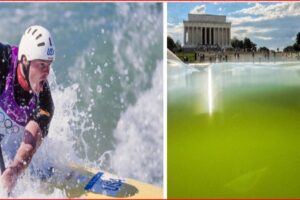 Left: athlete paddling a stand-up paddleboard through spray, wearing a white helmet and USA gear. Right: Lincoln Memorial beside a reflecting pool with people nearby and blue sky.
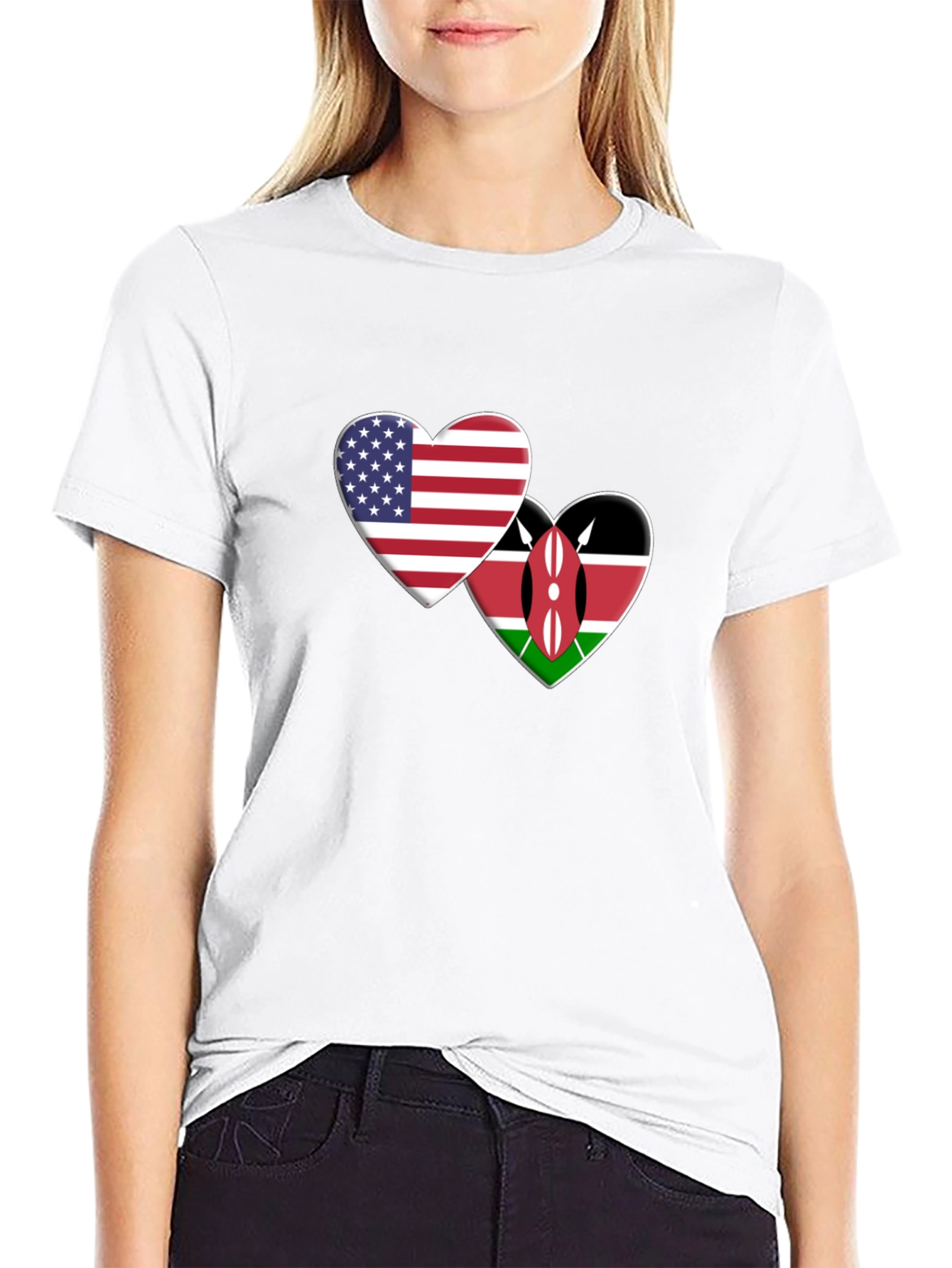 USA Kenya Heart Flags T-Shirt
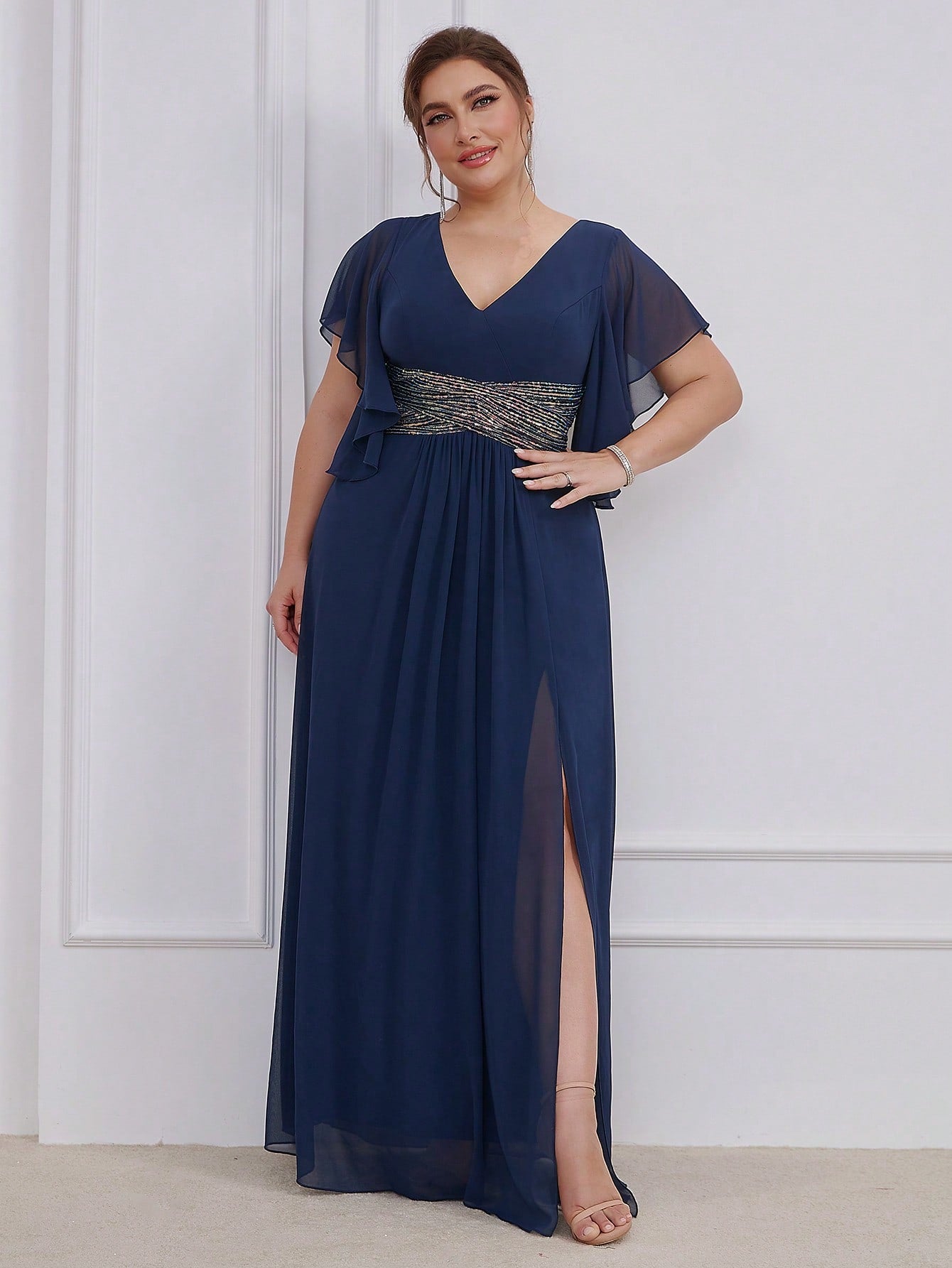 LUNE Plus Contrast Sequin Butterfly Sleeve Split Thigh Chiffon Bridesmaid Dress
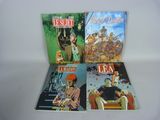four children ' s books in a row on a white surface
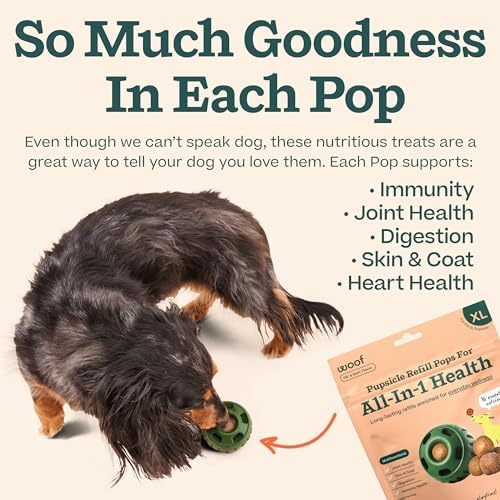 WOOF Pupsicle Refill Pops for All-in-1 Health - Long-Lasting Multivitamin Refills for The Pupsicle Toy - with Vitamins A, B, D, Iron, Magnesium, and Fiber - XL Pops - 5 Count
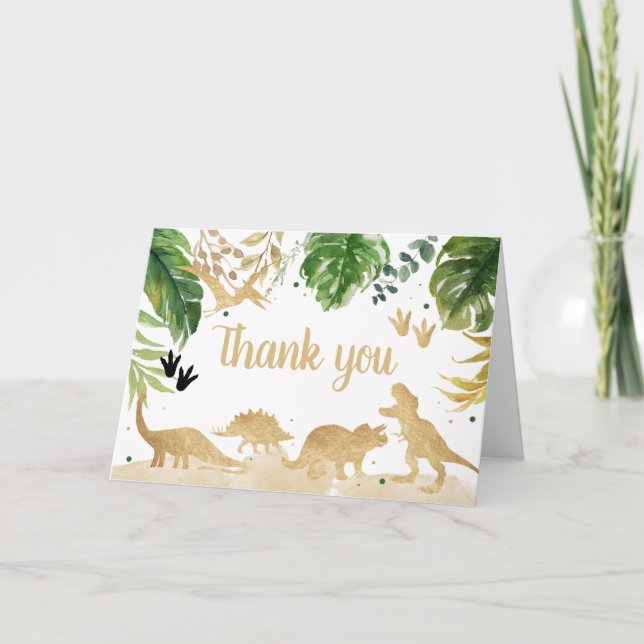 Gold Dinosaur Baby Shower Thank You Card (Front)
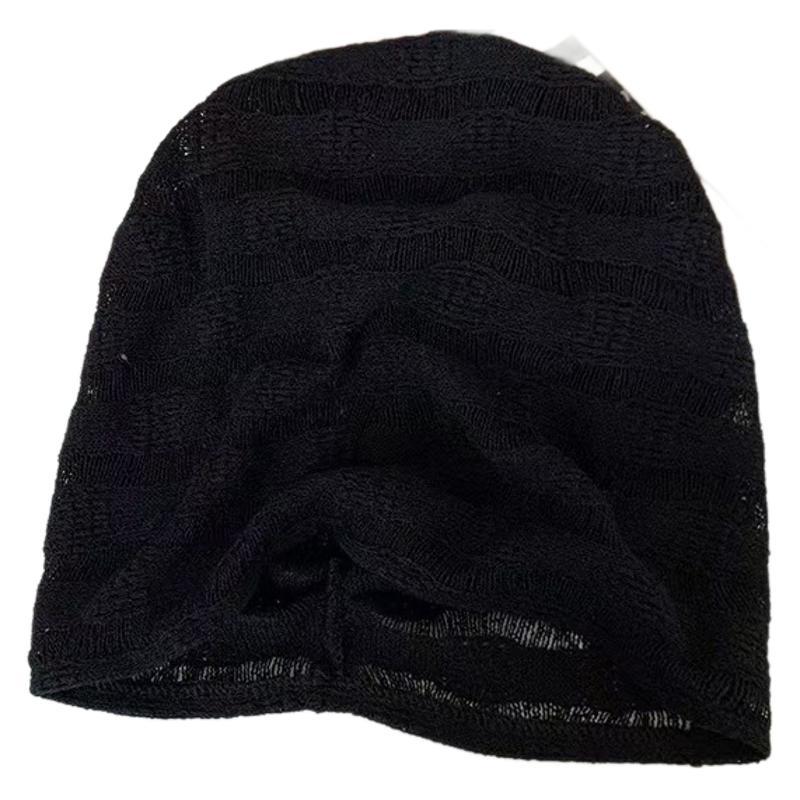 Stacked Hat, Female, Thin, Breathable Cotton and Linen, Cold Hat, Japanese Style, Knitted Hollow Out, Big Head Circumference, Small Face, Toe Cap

**What the task asks**: Copy out the data verbatim, excluding the pictures.

**Solution for this problem**:
 Left: athlete paddling a stand-up paddleboard through spray, wearing a white helmet and USA gear. Right: Lincoln Memorial beside a reflecting pool with people nearby and blue sky.
 USA Kenya Heart Flags T-Shirt
 LUNE Plus Contrast Sequin Butterfly Sleeve Split Thigh Chiffon Bridesmaid Dress
four children ' s books in a row on a white surface
 WOOF Pupsicle Refill Pops for All-in-1 Health - Long-Lasting Multivitamin Refills for The Pupsicle Toy - with Vitamins A, B, D, Iron, Magnesium, and Fiber - XL Pops - 5 Count
 Gold Dinosaur Baby Shower Thank You Card (Front)
 Stacked Hat, Female, Thin, Breathable Cotton and Linen, Cold Hat, Japanese Style, Knitted Hollow Out, Big Head Circumference, Small Face, Toe Cap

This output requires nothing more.